Graphical Construction of Groundwater Flow Nets
Publication year: 2020
Number of pages: 67
Eileen Poeter – Colorado School of Mines, USA
Paul Hsieh – California, USA
A groundwater flow net consists of two families of intersecting lines: equipotential lines, which connect locations of equal hydraulic head, and flow lines, which show paths of groundwater flow. Together, these two sets of lines provide a visual, two-dimensional representation of the groundwater conditions under steady state (that is, neither set of lines change with time).
Although flow nets can be readily constructed using computer software, graphical construction using pencil and paper remains an essential skill that every groundwater hydrologist should possess.
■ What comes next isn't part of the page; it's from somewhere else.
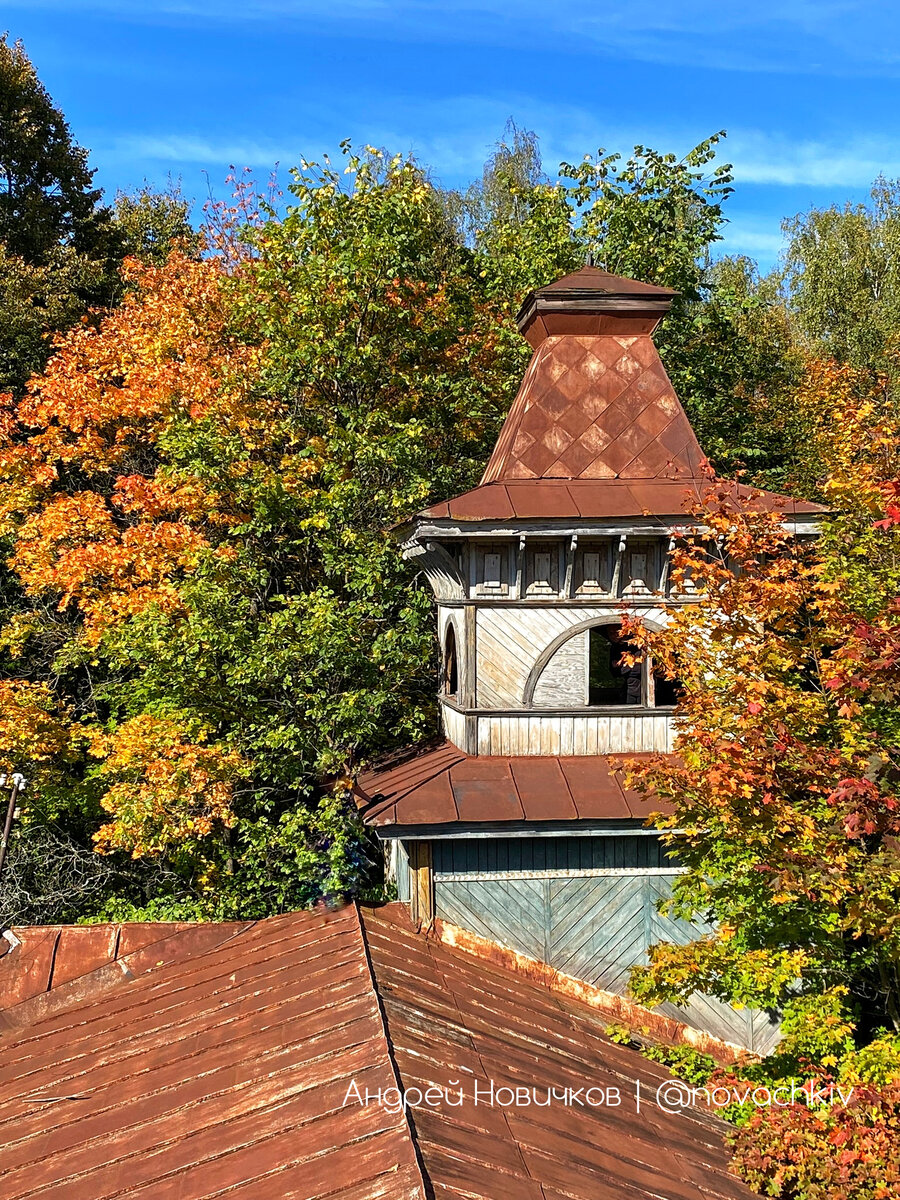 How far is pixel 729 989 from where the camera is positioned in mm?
7449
This book explains graphical construction of groundwater flow nets and provides exercises and videos links to help readers gain a deeper and intuitive understanding of groundwater flow.
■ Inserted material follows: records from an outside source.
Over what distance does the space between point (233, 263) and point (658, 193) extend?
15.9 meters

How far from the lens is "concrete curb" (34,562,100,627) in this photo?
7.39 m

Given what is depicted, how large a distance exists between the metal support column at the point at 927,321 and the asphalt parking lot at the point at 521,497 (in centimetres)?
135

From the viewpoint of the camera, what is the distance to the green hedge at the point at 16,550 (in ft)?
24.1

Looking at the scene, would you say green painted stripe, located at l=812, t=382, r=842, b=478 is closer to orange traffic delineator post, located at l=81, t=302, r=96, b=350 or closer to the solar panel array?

The construction of a groundwater flow net begins with the definition of the flow domain and the boundary conditions along the domain boundary. Two common boundary conditions are (1) constant hydraulic head along the boundary and (2) no flow across the boundary. After the boundary conditions are specified, the flow net is constructed by following an iterative, step-by-step procedure.
If the hydraulic conductivity of the material is known, the volumetric flow rate through the flow domain can be calculated. This book also covers more advanced topics, including treat of a flow domain having a water-table boundary or anisotropic hydraulic conductivity.
A groundwater flow net is, in effect, a graphical solution of the groundwater flow equation. Although the mathematical requirement for this book is no more than basic algebra, the practice of flow net construction will lead to an intuitive understanding that enhances the learning of more advanced and quantitative aspects of groundwater theory.
To provide additional practice in visualizing flow nets, this book uses the online computer software, TopoDrive, which simulates groundwater flow in a topographically-driven flow system.